Seperti salah satu line dialog yang ia miliki, "Don't play to satisfy others, just play your own game," Moon Hyun-sung seperti tampak sangat percaya diri dalam menerapkan ide yang ia miliki. Gagal? Tidak. Banyak sekali materi-materi klise yang dimiliki film ini, namun cukup aneh karena berada di level yang tidak begitu mengganggu, meskipun dramatisasi yang dilakukan beberapa kali terasa kurang tepat, dan hasilnya bukan mempertebal emosi dan makna dari cerita malah menjadikan ia tampak berlebihan. Ya, hal yang sama dialami oleh storytelling, dimana pada beberapa bagian tampak kurang percaya diri dengan kehadirannya, walaupun unsur politik dan olahraga mampu dicampur dengan baik oleh Moon Hyun-sung, dan menutupnya dengan cara klasik penuh deraian air mata yang lagi dan lagi tidak gagal karena juga mampu menjadi pemersatu berbagai subplot yang telah eksis.

Bae Doona dan Ha Ji-won sukses menjaga posisi mereka di baris terdepan, meskipun faktanya Bae Doona berada sedikit didepan. Yak, Ha Ji-won memang sukses membangun karakternya, dari Busan satoori yang begitu kental dibagian awal, hingga menciptakan pondasi emosional dari perjuangannya yang selalu kandas. Namun itu ketika ia masih sendiri, dan saat Bae Doona hadir dan ketegangan antara Utara dan Selatan telah berhasil mereka bangun, karakter Ri Bun-hui justru tampil lebih menarik. Scene stealer menjadi milik Han Ye-Ri, dengan karakternya Soon-Bok yang terbentuk dengan baik.

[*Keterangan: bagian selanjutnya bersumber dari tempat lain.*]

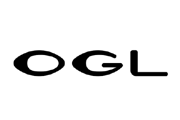 OGL Move logo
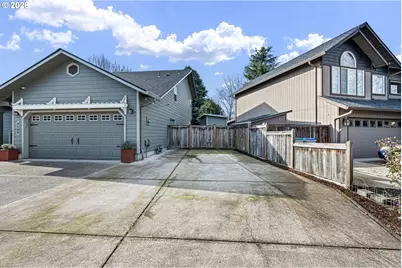 4150 Berrywood Dr, Eugene, OR 97404 - Photo 36
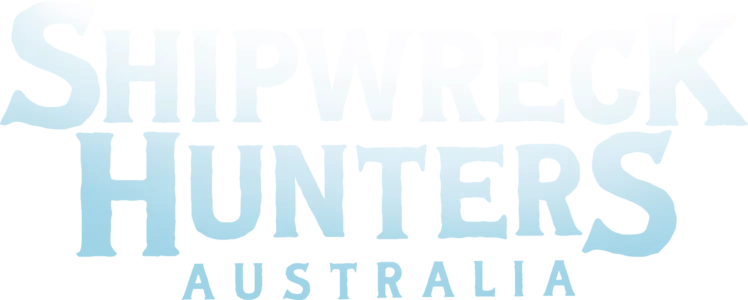 Shipwreck Hunters Australia
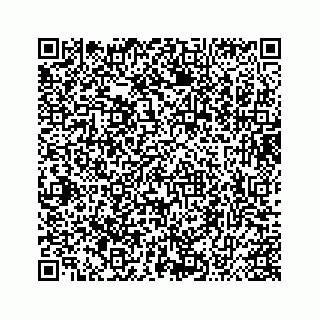 vCard 73413635485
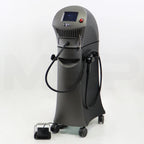 2020 Alma Opus Plasma Fractional Plasma RF Skin Resurfacing System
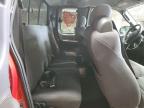 2003 Ford F150  na sprzedaż w Angola, NY - Normal Wear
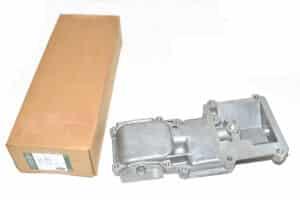 FTC3915LR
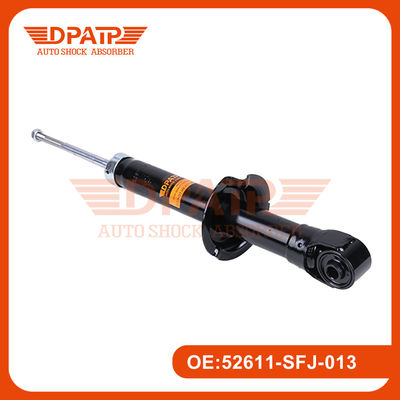 Honda Motor Shock Absorber 52611-SFJ-013 Ricambi per motore Odyssey RB1 K24a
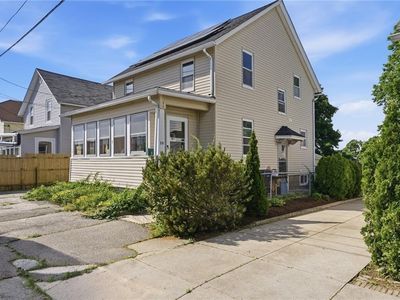 28 Orlo Ave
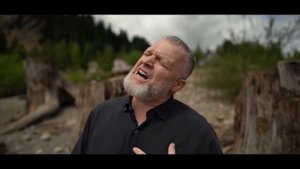 Валерий Шибитов. Сборник лучших песен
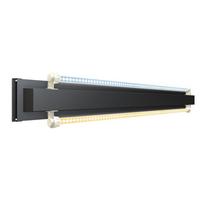 Akvariumo Juwel, MultiLux LED apšvietimo modulis 70 cm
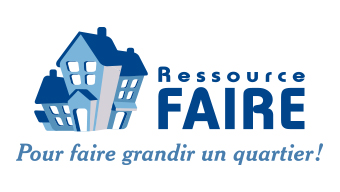 Ressource F.A.I.R.E.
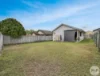23 LEMONWOOD COURT, Douglas, Qld 4814-Image
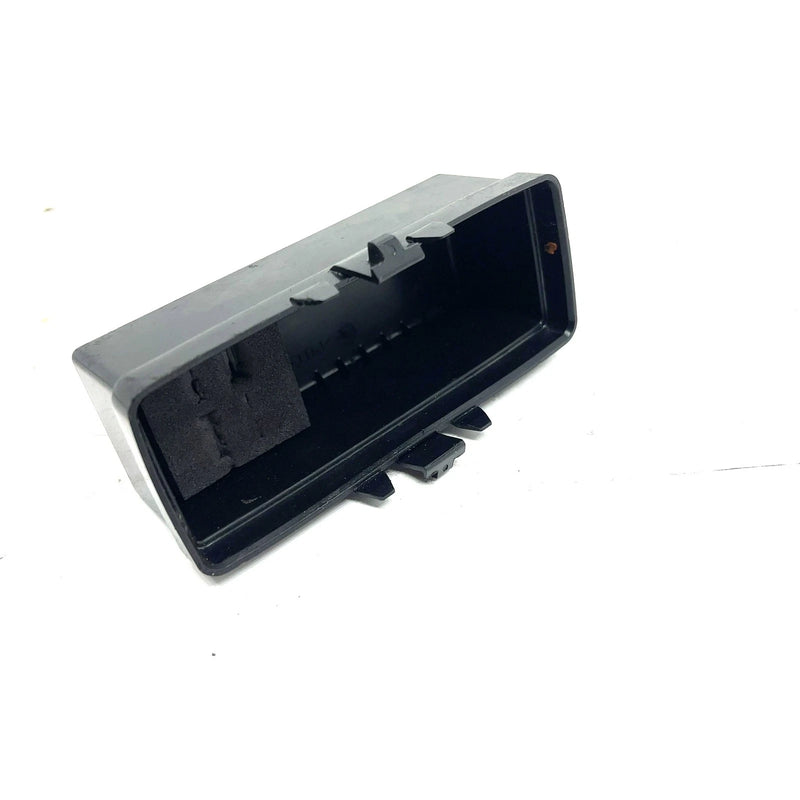 14-15 Arctic Cat Prowler HDX 500 OEM Fuse Box Cover 0430-085 XA2.2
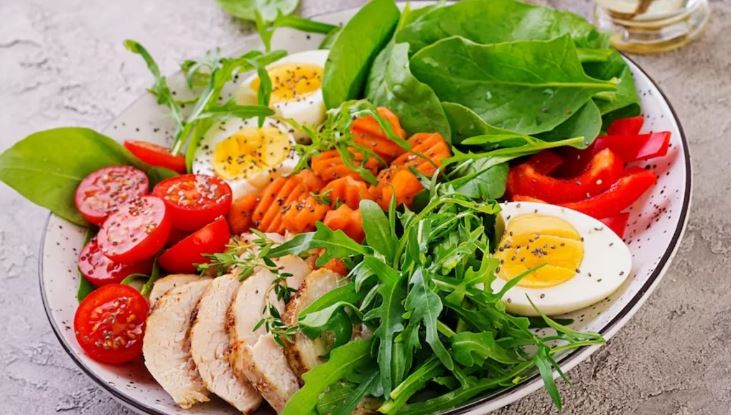 क्जफ्क्स्ज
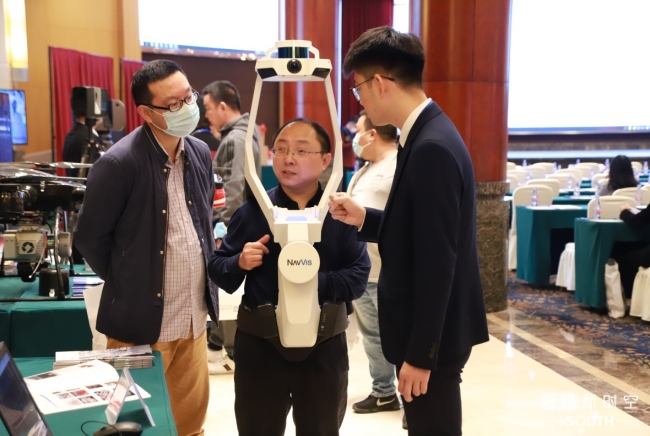 博天堂(918)官方网站 - 让你更杰出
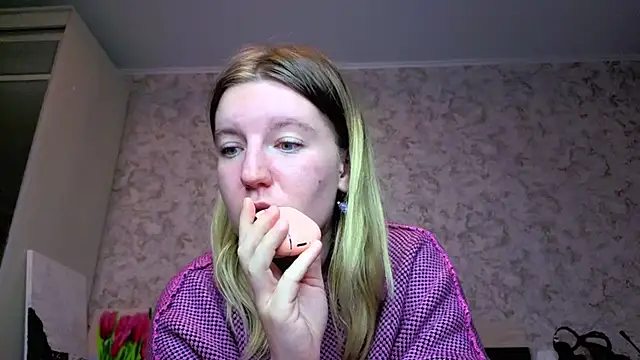 Baiambel Mi online show from 05-31-26, 06:09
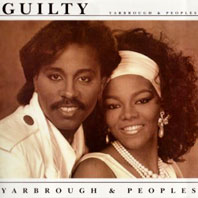 Yarbrough & Peoples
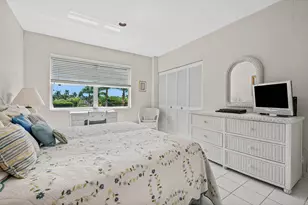 44 Cocoanut Row, Palm Beach, FL 33480 - Photo 19
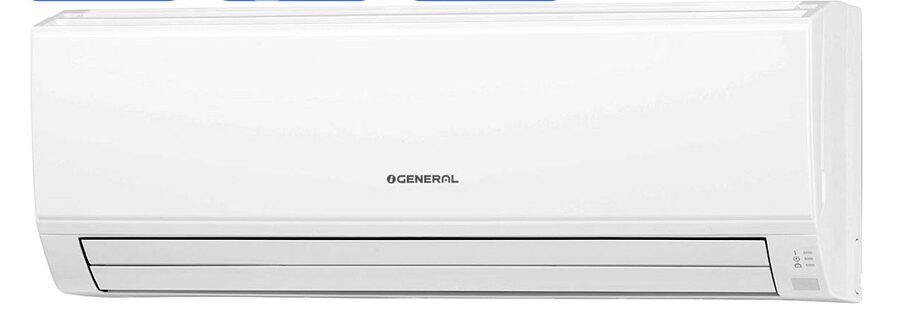 invertoren-klimatik-stenen-general-fujitsu-ASHG24KLCA invertoren-klimatik-stenen-general-fujitsu-ASHG24KLCA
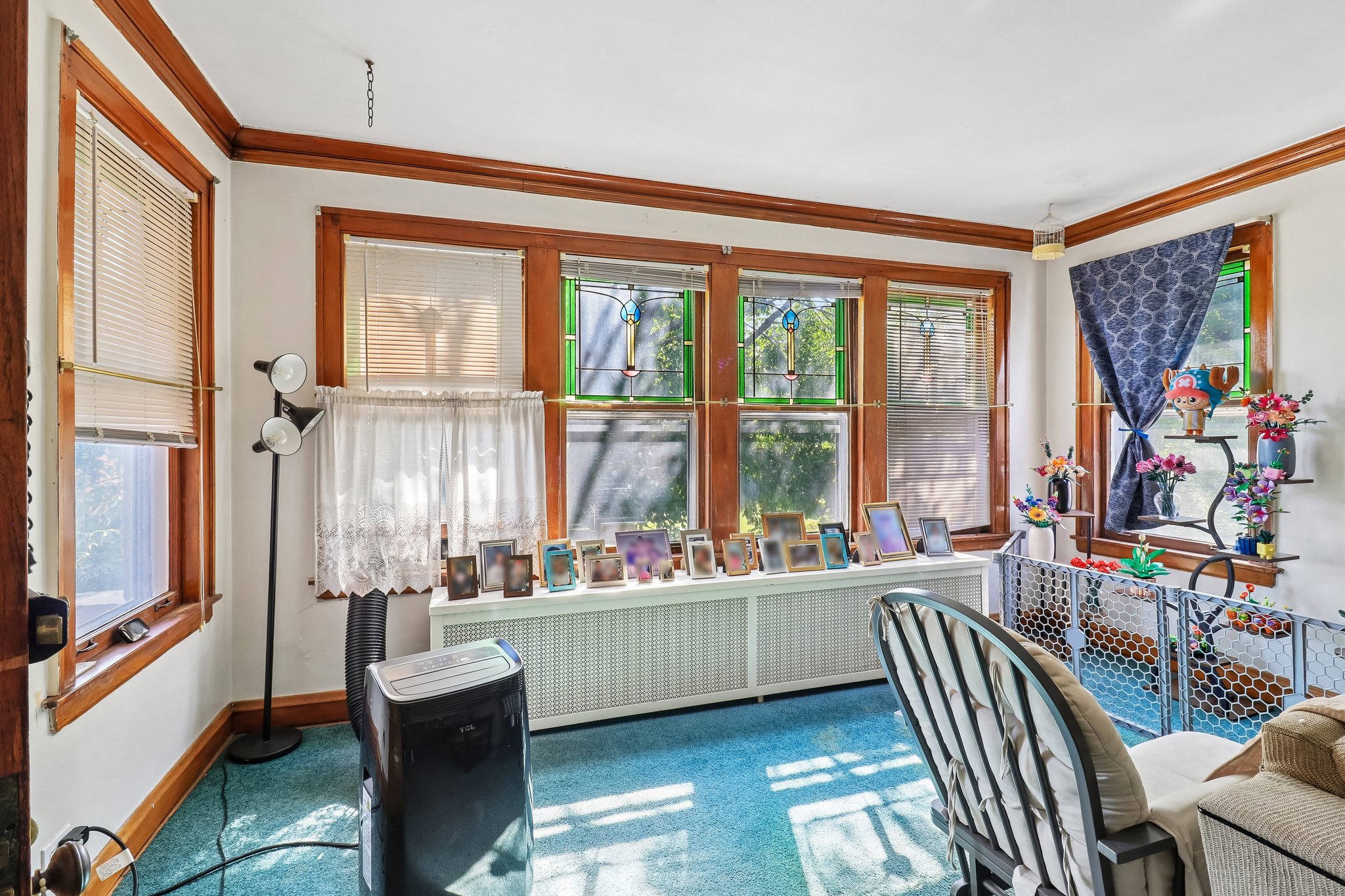 4446 N Lowell Ave Unit 3-S2407-009.jpg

Overall, As One (Ko-ri-a) adalah film yang cukup memuaskan. Ada momen membosankan, ada momen romance dan lucu yang efektif, hingga perselisihan tingkat tinggi dari politik yang hadir di antara gerak cepat bola ping-pong. Meskipun menghadirkan tampilan visual yang menyenangkan saat pertandingan berlangsung, As One (Ko-ri-a) justru terasa kurang solid sebagai sebuah paket tontonan bernafaskan olahraga, tenggelam dibalik daya tarik sejarah yang ia usung. Turunkan ekspektasi anda pada point pertama, film ini mungkin akan memuaskan.